▼

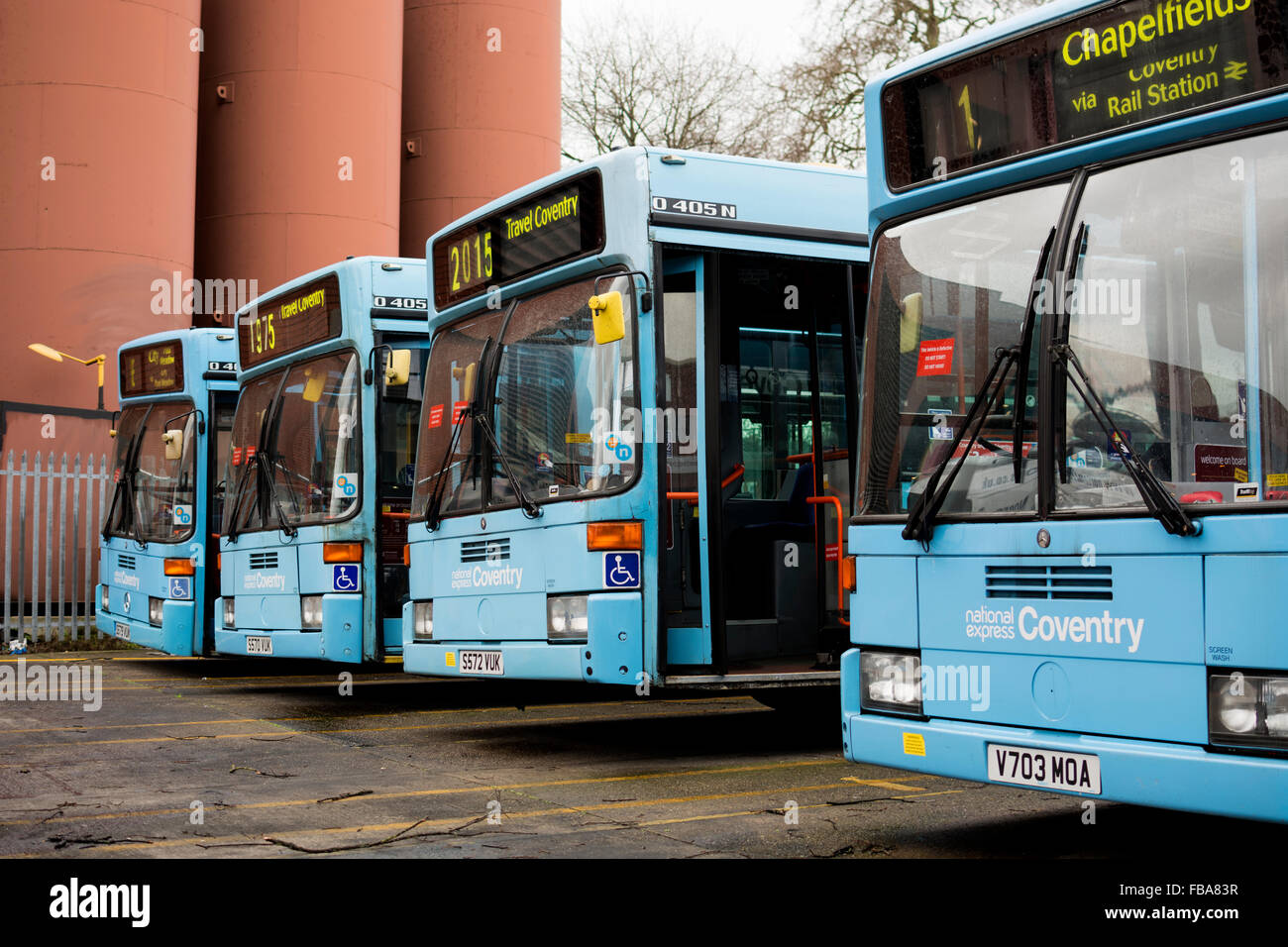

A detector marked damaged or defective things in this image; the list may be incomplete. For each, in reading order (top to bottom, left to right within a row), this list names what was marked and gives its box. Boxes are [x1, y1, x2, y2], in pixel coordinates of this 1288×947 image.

cracked asphalt [5, 652, 1282, 860]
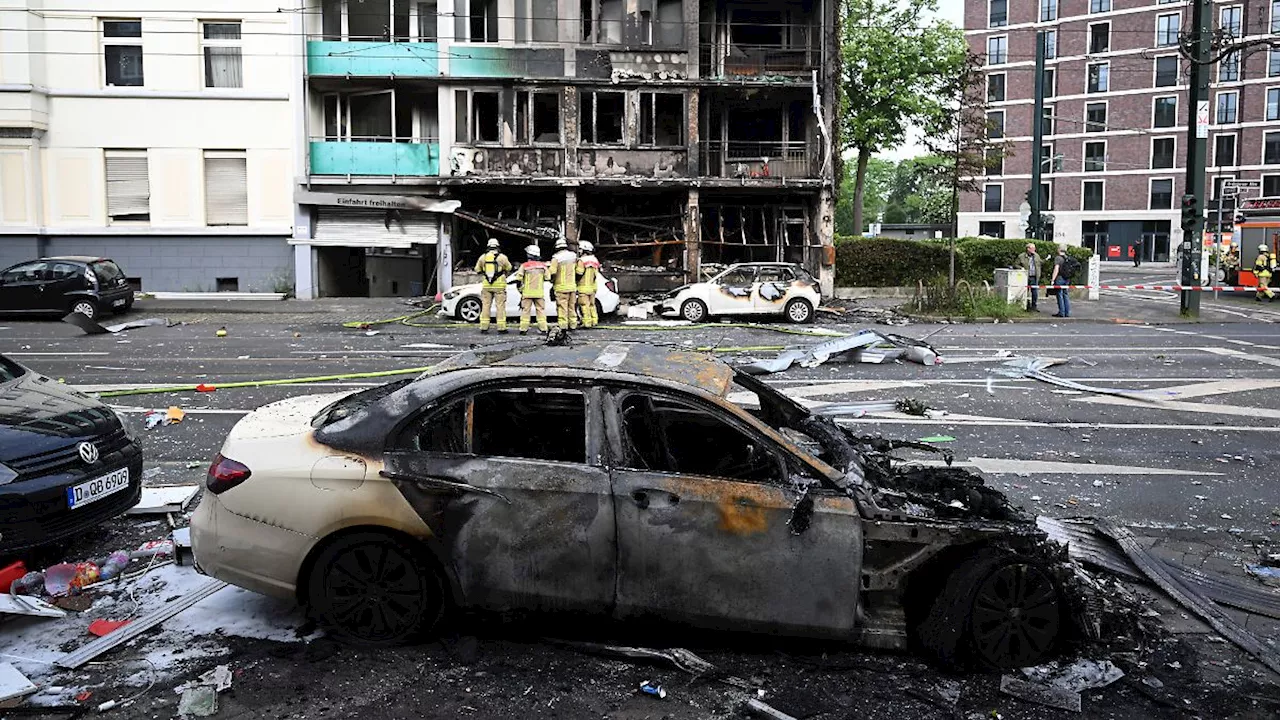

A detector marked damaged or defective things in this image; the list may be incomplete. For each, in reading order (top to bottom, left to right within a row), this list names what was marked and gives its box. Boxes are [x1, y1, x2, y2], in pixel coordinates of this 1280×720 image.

broken window [348, 0, 388, 39]
burned balcony [700, 0, 820, 79]
broken window [470, 90, 500, 143]
fire-damaged building [288, 0, 840, 298]
broken window [580, 90, 624, 145]
broken window [636, 94, 680, 148]
broken window [472, 388, 588, 462]
broken window [620, 394, 780, 484]
charred car door [384, 386, 616, 616]
burned-out sedan [192, 344, 1080, 668]
charred car door [608, 388, 860, 636]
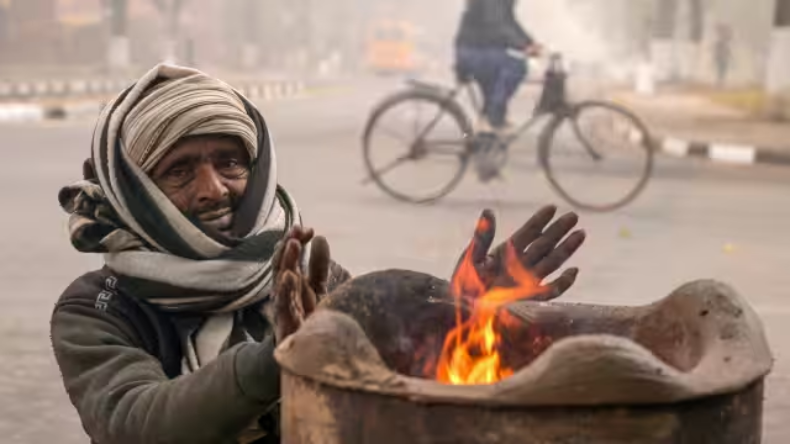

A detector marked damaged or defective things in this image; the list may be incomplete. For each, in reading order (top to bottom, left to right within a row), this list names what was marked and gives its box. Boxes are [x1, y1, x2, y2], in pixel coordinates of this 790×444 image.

rusty container [276, 270, 772, 444]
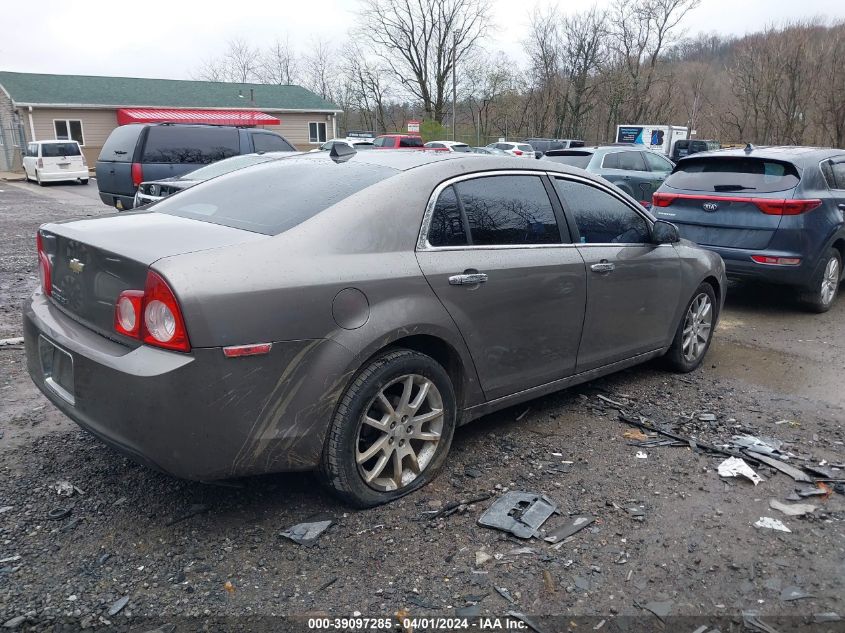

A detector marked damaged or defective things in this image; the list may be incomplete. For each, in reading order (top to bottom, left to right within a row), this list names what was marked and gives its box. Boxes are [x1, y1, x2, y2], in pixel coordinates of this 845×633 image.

broken plastic piece [716, 454, 760, 484]
broken plastic piece [280, 516, 332, 544]
broken plastic piece [478, 492, 556, 536]
broken plastic piece [544, 512, 596, 544]
broken plastic piece [752, 516, 792, 532]
broken plastic piece [768, 496, 816, 516]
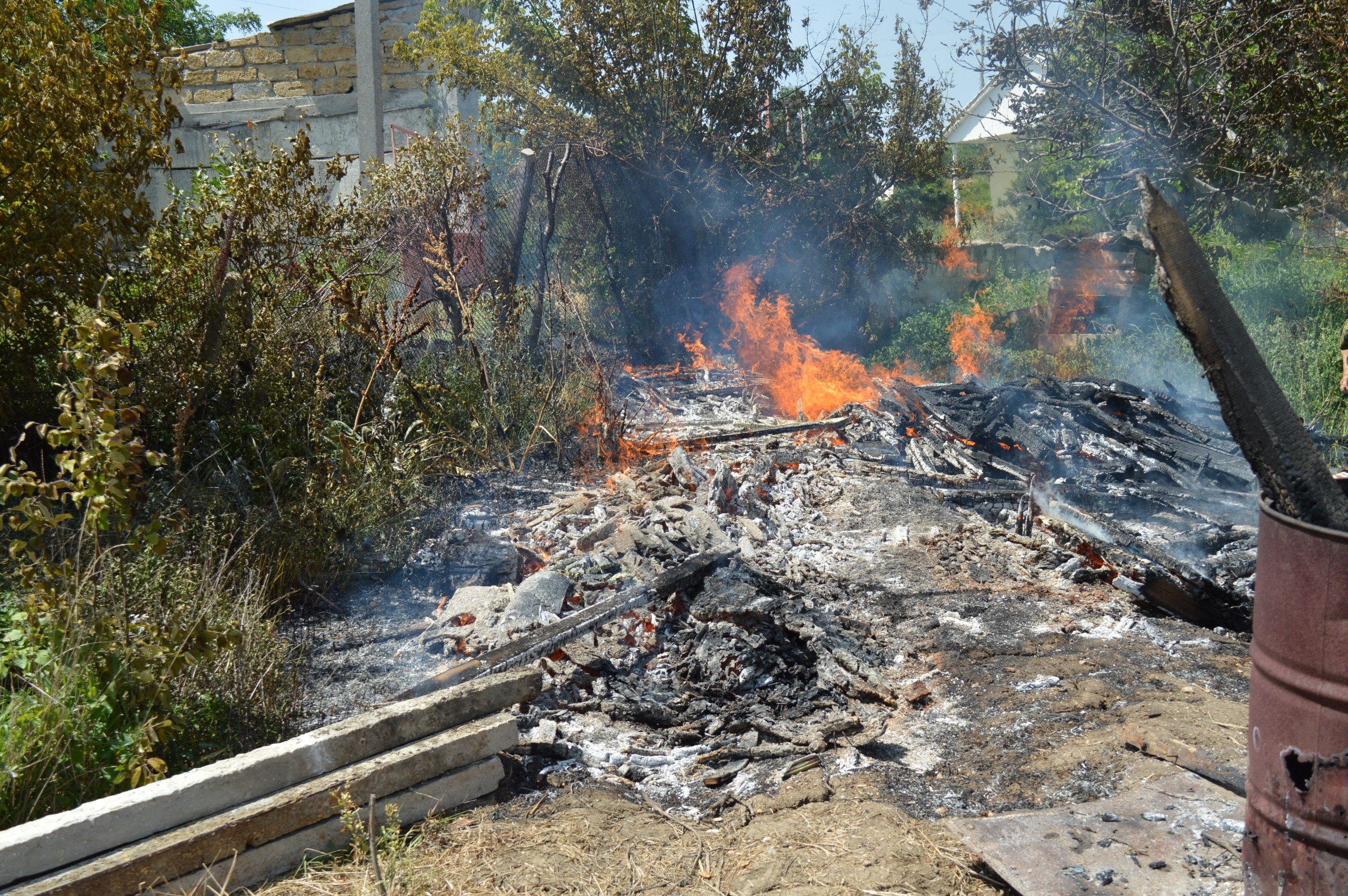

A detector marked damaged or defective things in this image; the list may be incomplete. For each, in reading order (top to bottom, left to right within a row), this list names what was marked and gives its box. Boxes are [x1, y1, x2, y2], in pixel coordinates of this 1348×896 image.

charred wood plank [1137, 175, 1348, 531]
charred wood plank [393, 544, 733, 700]
rusty metal sheet [949, 770, 1240, 889]
rusty metal barrel [1240, 495, 1348, 889]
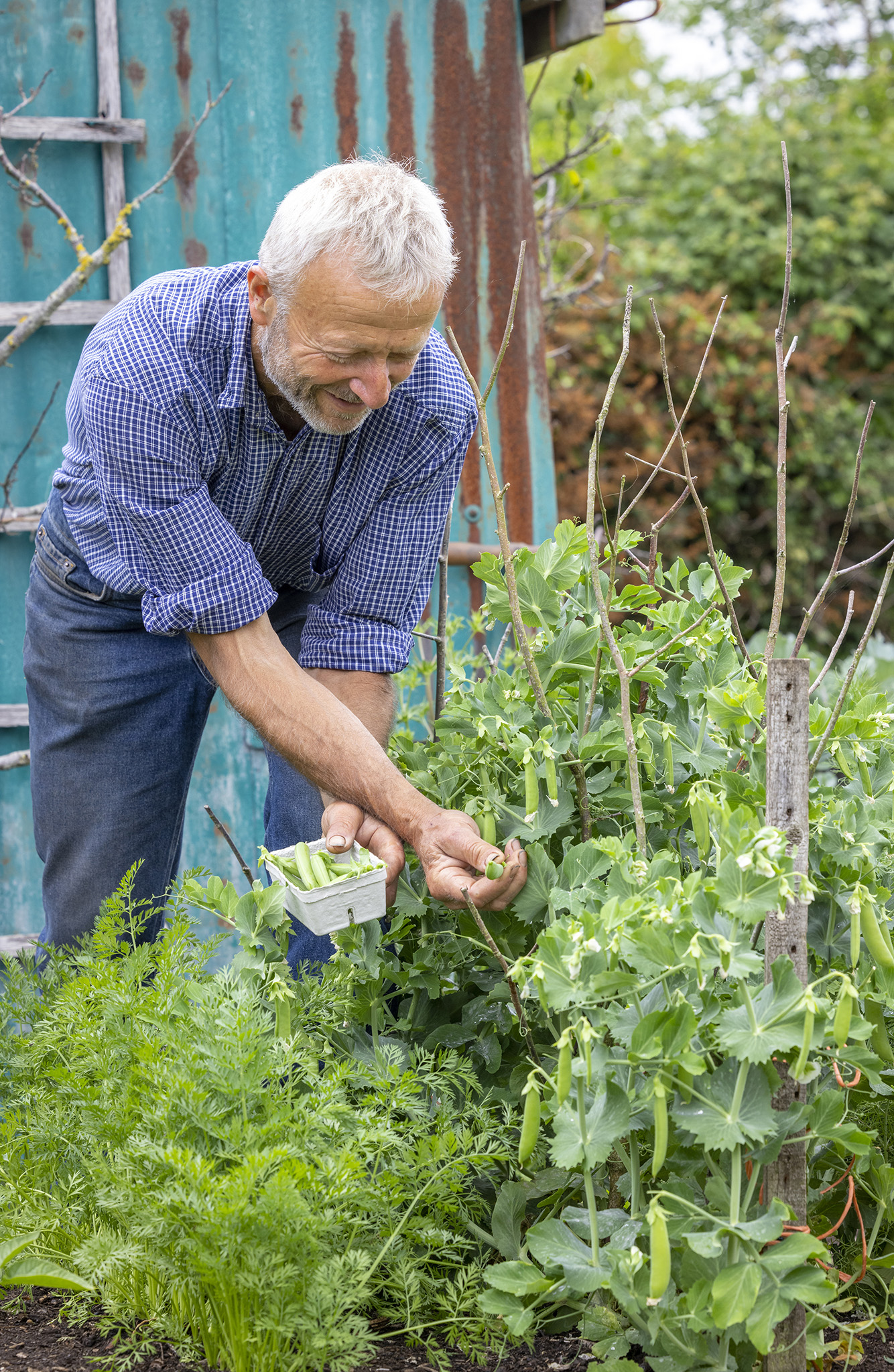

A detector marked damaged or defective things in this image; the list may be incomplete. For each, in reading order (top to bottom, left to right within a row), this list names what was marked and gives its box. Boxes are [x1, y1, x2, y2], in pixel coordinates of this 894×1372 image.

rust streak on metal [334, 11, 359, 161]
rust streak on metal [384, 12, 411, 167]
rust streak on metal [483, 0, 538, 543]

▲

Which lines run from the one containing "this 894×1372 image." to the end of the records? Transcribe exactly those, both ends included.

- [ANSWER FOR THE TASK]:
A detector marked damaged or defective things in this image; the list may be incomplete. For each, in reading order (top to bottom, left to right within a row), this list names what was marked and gives its box. Boxes are [x1, y1, x2, y2], in pixel coordinates of this 894×1372 image.

rust streak on metal [334, 11, 359, 161]
rust streak on metal [384, 12, 411, 167]
rust streak on metal [483, 0, 538, 543]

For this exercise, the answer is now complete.